Background: Viral haemorrhagic fevers (VHFs) refer to a group of illnesses that are caused by several distinct families of viruses. The term VHF is used to describe a severe multisystem syndrome characterised by an overall vascular system damage. Although no clinical cases of Ebola, Marburg or Yellow fever have been reported in Tanzania, its geographical position puts the country at high risk. With no known cure for all VHFs, the health systems rely on prevention and control strategies to contain new outbreaks. Early detection and diagnosis is a key trigger effective response to infectious disease epidemics.
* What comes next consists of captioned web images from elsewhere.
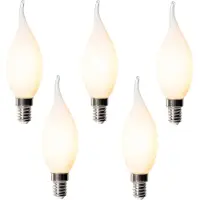 LUEDD Set van 5 E14 dimbare LED lampen BXS35 opaal 4W 450 lm 2200K
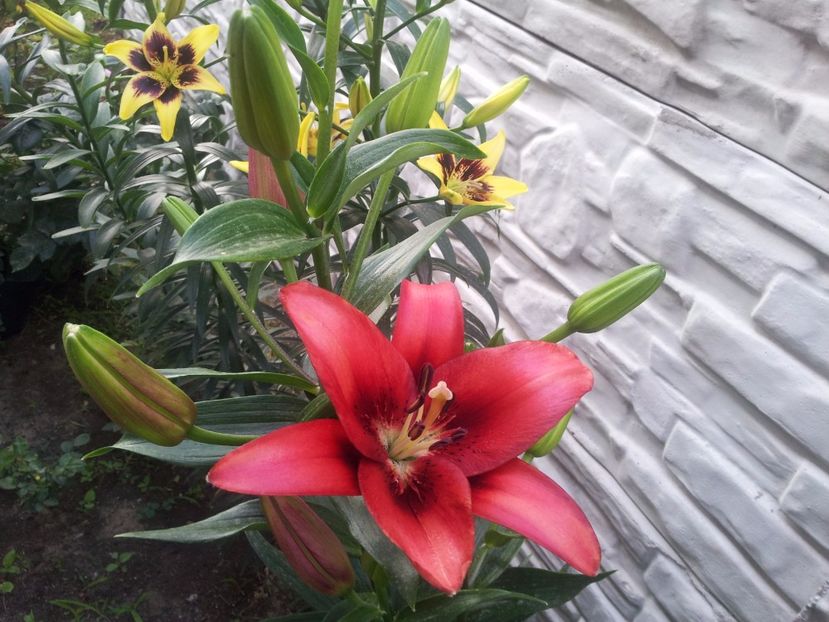  - Primavara - Vara 2017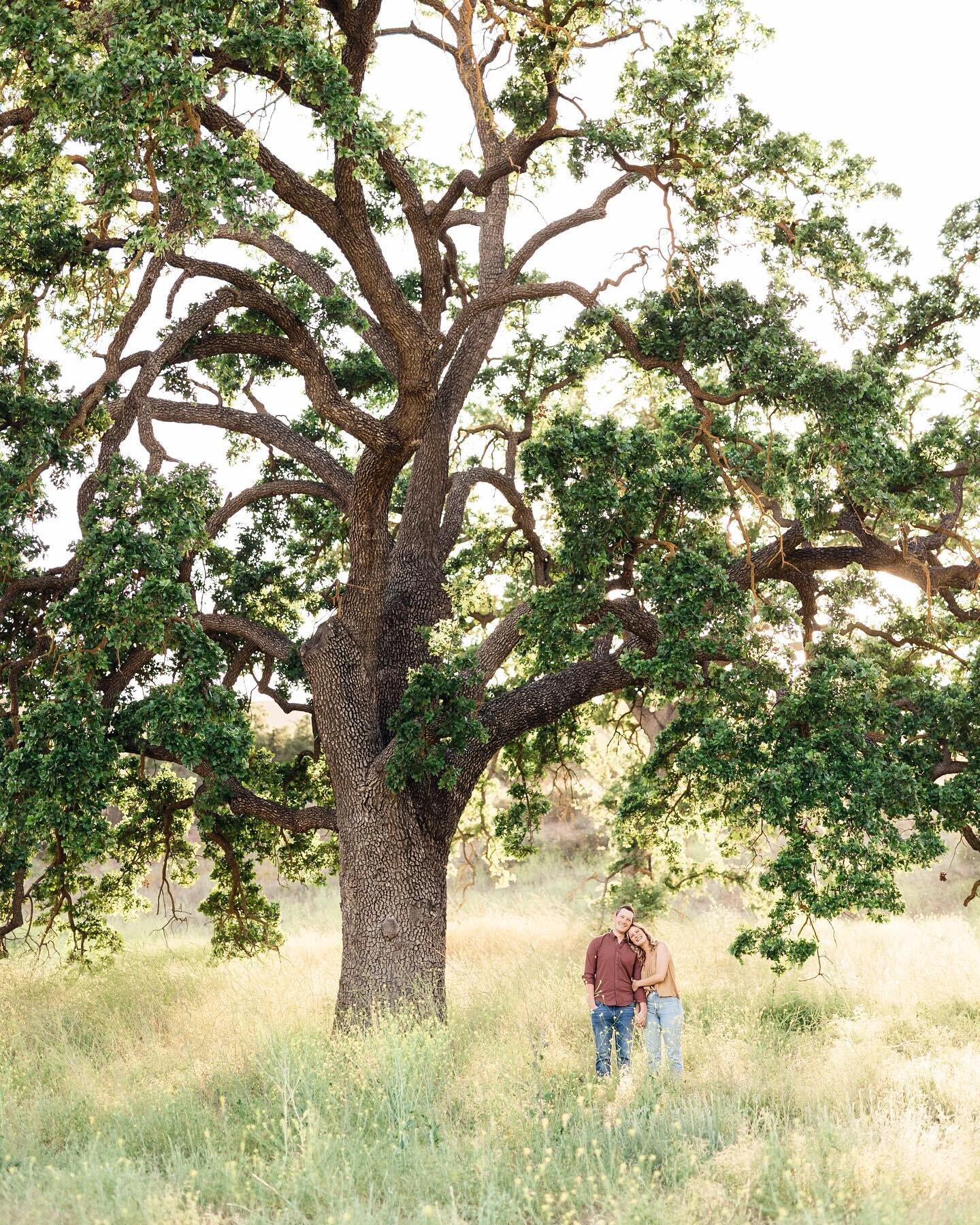 Headed to Paso Robles today for Chris &amp; Mikaela's wedding weekend! I love that we took most of their engagement photos under this gorgeous giant oak, and tomorrow they're getting married under another one! 🌳🤍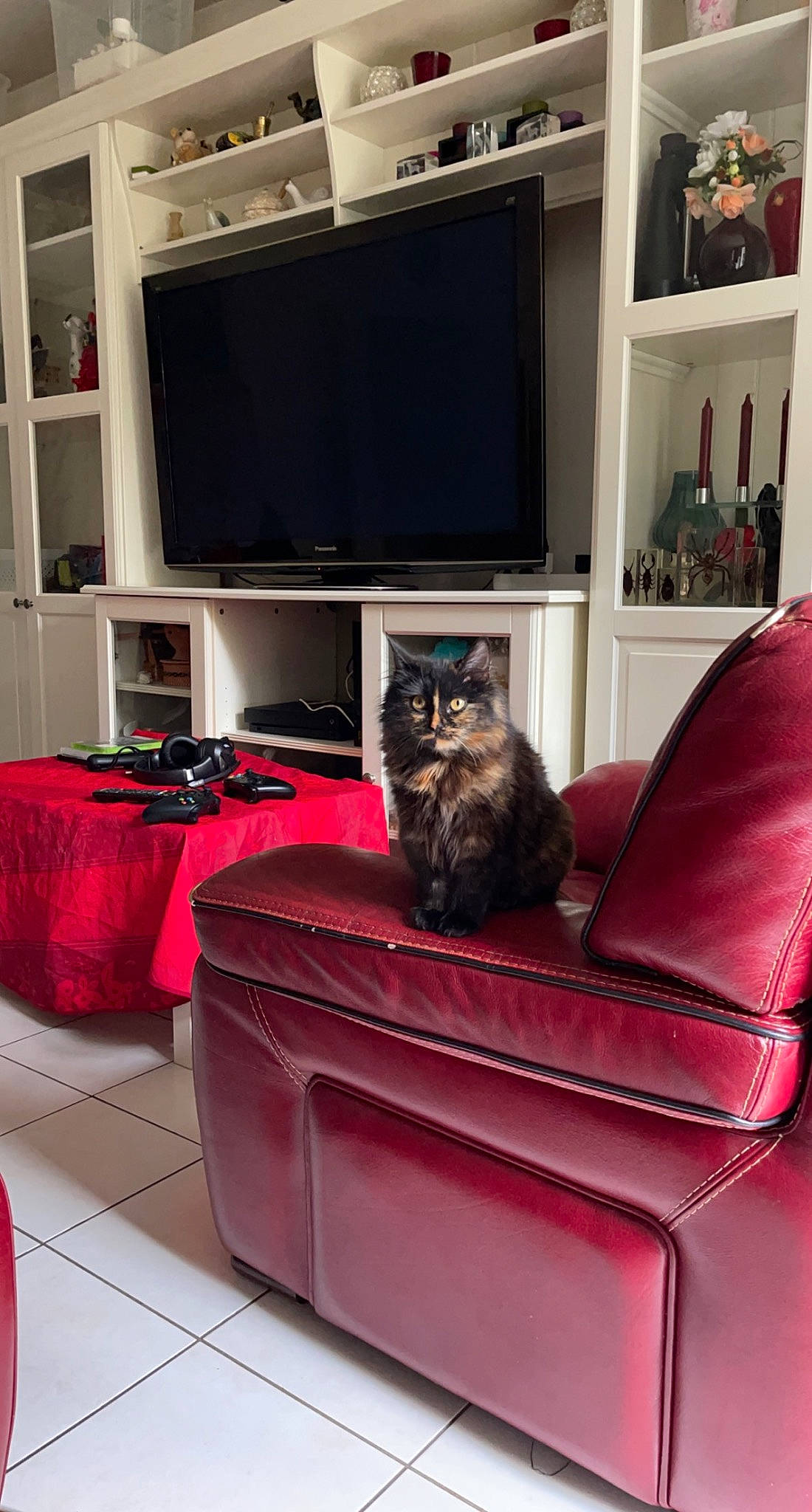 Naya participe au concours pour gagner de l'argent avec cette photo : bookcase, carnivore, cat, comfort, couch, felidae, floor, flooring, furniture, grey, interior_design, living_room, plant, property, shelf, shelving, small_to_medium_sized_cats, studio_couch, television, textile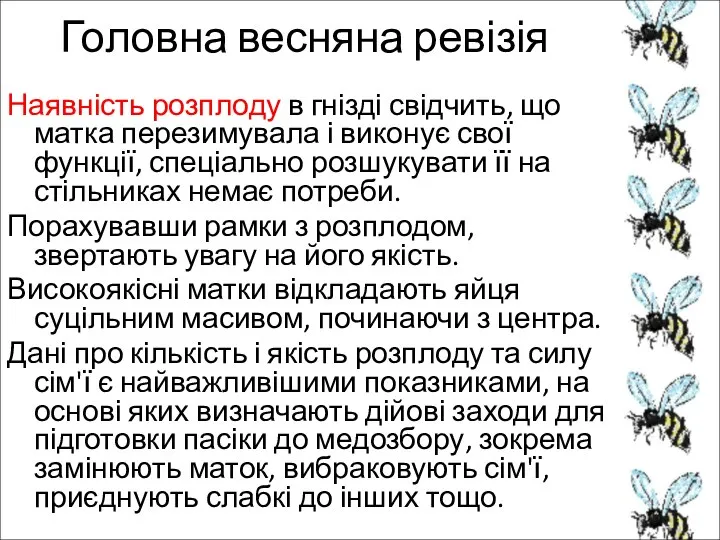 Головна весняна ревізія Наявність розплоду в гнізді свідчить, що матка перезимувала і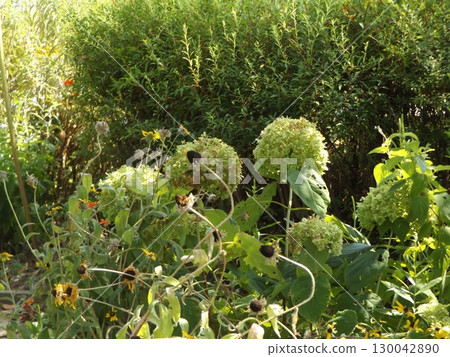 欣賞安娜貝爾繡球花的色彩變化 130042890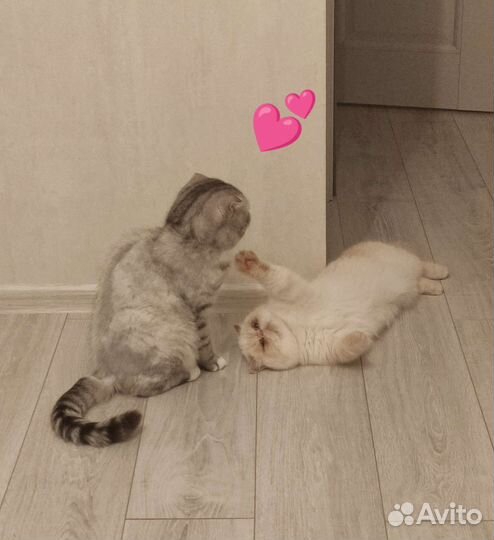 Кот и кошка в добрые руки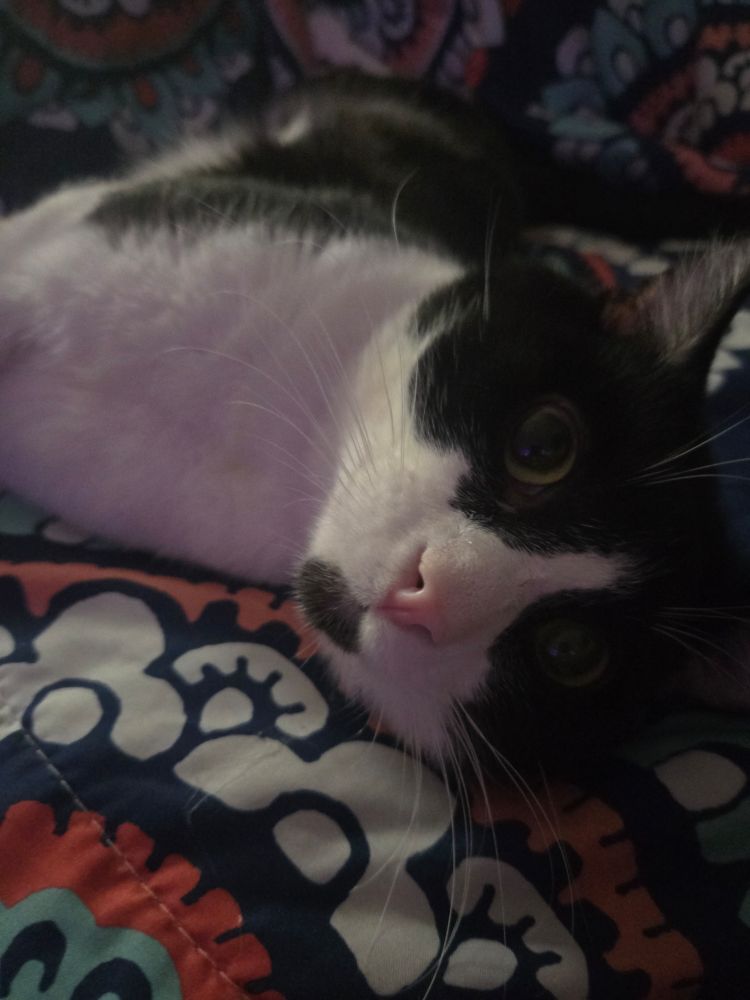 Black and white cat laying on a sofa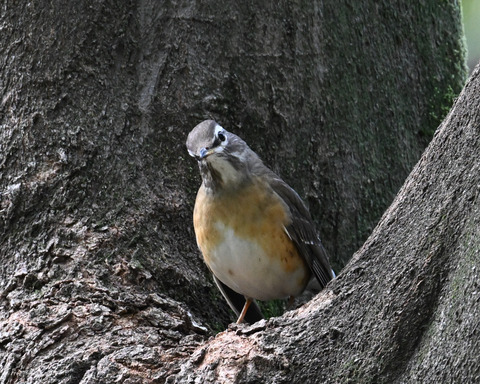 マミチャジナイ9812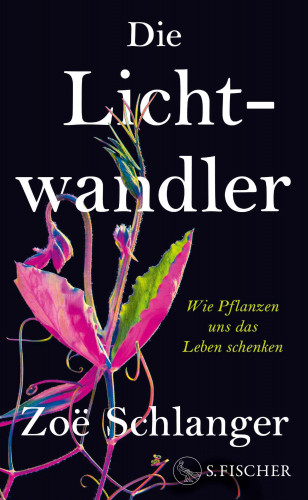 Zoë Schlanger: Die Lichtwandler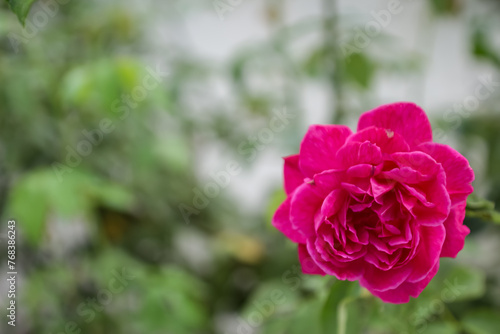 red roses that bloom perfectly in the garden  romantic roses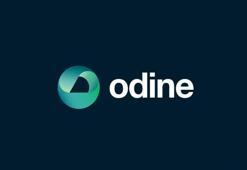Odine ne zaman tavan bozar? Odine tavanda bekleyen lot sayısı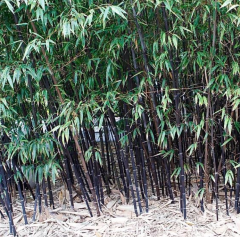 BESKYDSKÝ BAMBUS Černý - Phyllostachys Nigra (5)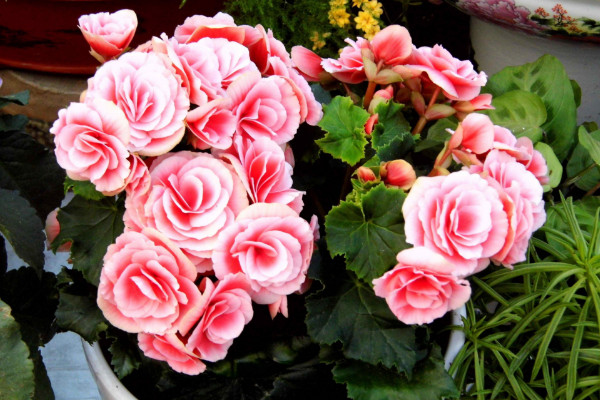 花盆不透氣能養(yǎng)花嗎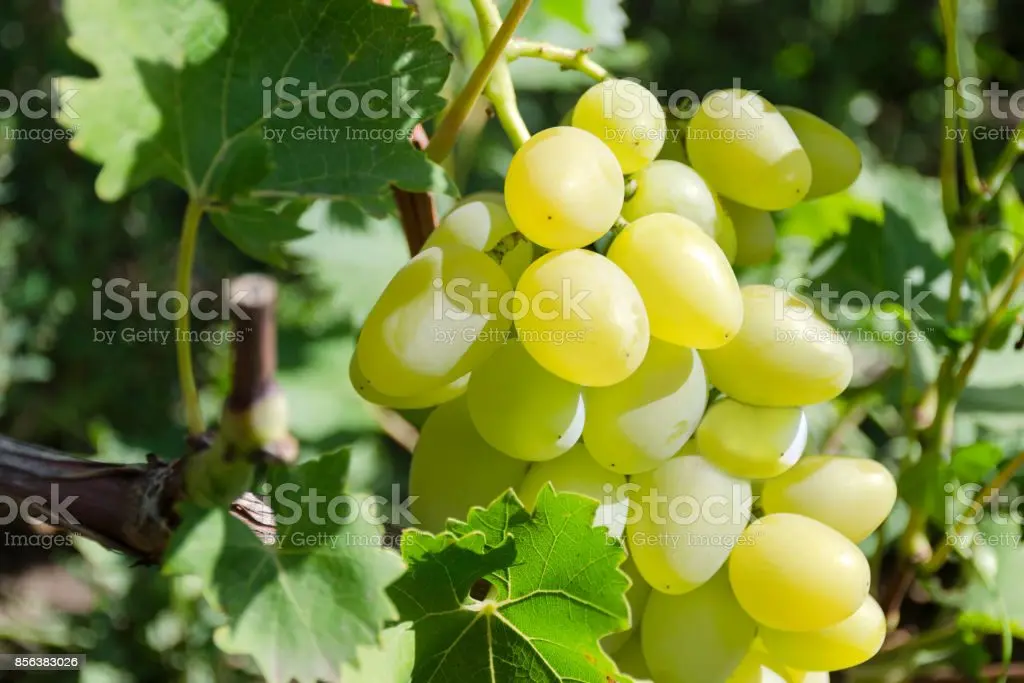 Grape Delight: photo, description of the variety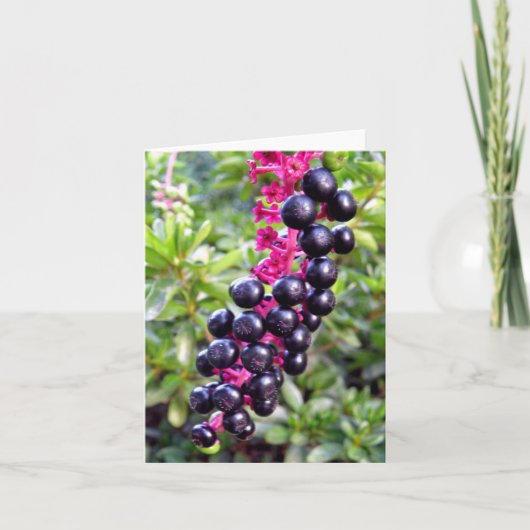 De Kaart van de Nota van Pokeweed (Voorkant)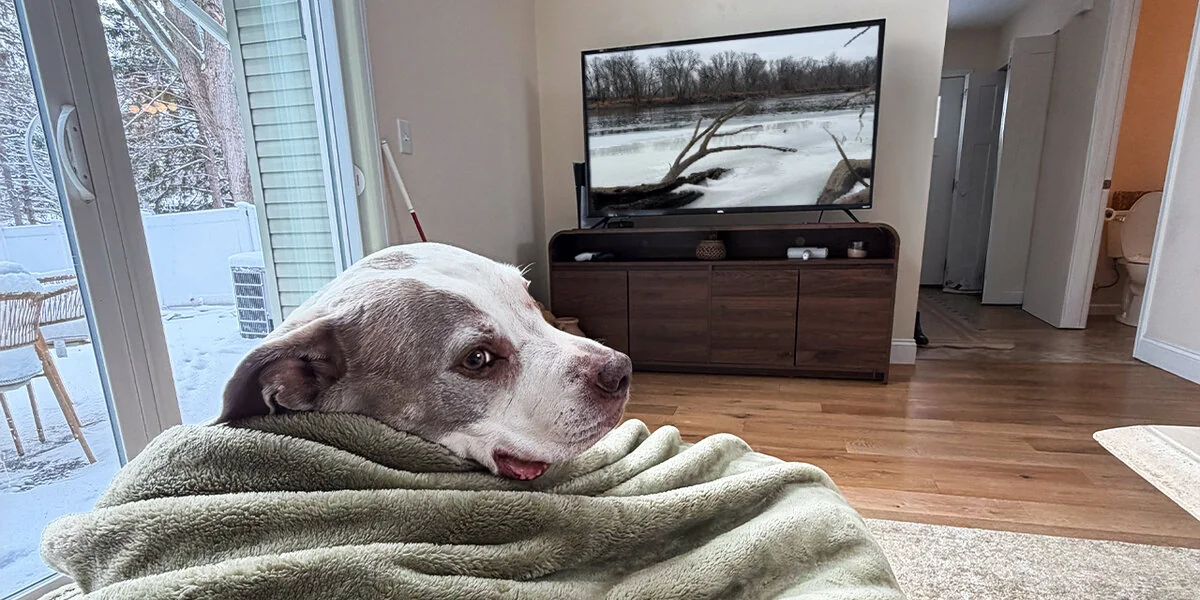 La TV può aiutare a calmare il tuo cane quando è da solo?
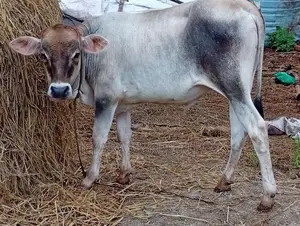 Milk Cow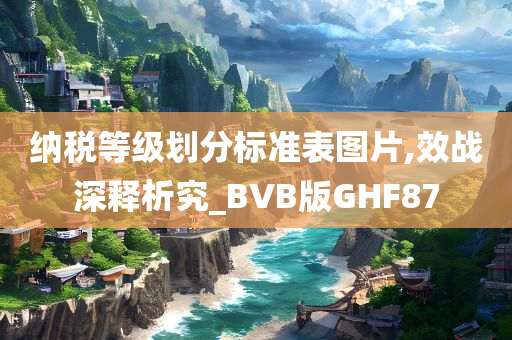 纳税等级划分标准表图片,效战深释析究_BVB版GHF87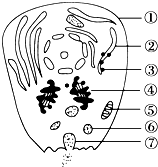 菁優(yōu)網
Broad Objective: Strengthening capacity for surveillance and preparedness against viral haemorrhagic fevers in Tanzania. Specifically, the study aims to: (i) To develop and/or assess a genomics driven near-field based (multiplex) diagnostic system for surveillance of potentially high risk VHFs (Ebolavirus, Marburg, RVF, CCHF, Yellow fever and Arenaviruses) in Tanzania; (ii) To undertake a risk assessment of factors that increase the probability of incursion of VHF pathogens into Tanzania; (iii) To carry out clinical evaluation of diagnostic 2
tools developed under Objective 1 in areas identified as high risk by the risk assessment of Objective 2; (iv) To build capacity through training of staff in the wide application of molecular and serological technologies, and their derivatives, as tools for primary analysis of diagnostic samples; (v) To assess community knowledge and livelihood practices that influence prevalence and acquisition of VHFs in Tanzania
Methods: The study will involve all five ecological zones in Tanzania. The districts to be involved include Buhigwe, Kalambo, Kyela, Kinondoni, Kilindi, Mvomero, Kondoa, and Ukerewe. Mapping of the ecological zone will be done. All age groups individuals, except those less than 9 months of age will be sampled. Sampling will be done within the complete household which is selected and no household will be replaced if the residents are not found to be at home. Individuals will be asked to provide a blood sample. A total of 5-19 ml of blood will be collected from adults and children >10 years by venipuncture and one to three mls will be collected from children ≥9 months and ≤10 years of age also by venipuncture. Information on socio-demographic characteristics (age, sex, occupation, village, workplace, residence) will be collected for each subject. History including recent history of febrile illnesses, and other risk factors will be ascertained for all participants. Clinical parameters will be documented. The study-related questionnaires will be completed for each consented and assented subject who will then formally enrolled into the study using unique identification code that will restrict direct identification of individuals. All specimens will be processed at the Genome Centre at the Sokoine University of Agriculture laboratory in Morogoro, Tanzania.
Outcomes: The expected outcomes include: (i) Enhanced capacity for risk analysis of the potential for incursion of an emerging/re-emerging disease in Tanzania; (ii) Enhanced research and diagnostic capacity to detect and identify viral haemorrhagic fevers by sharing research resources including specimens; (iii) Enhanced virological capability within the Tanzanian public health systems; (iv) Institutional collaboration between Korea and Tanzania strengthened; and (v) Policy and practice support guidance provided through research evidence.
This is a three-year project estimated to cost USD 195,000.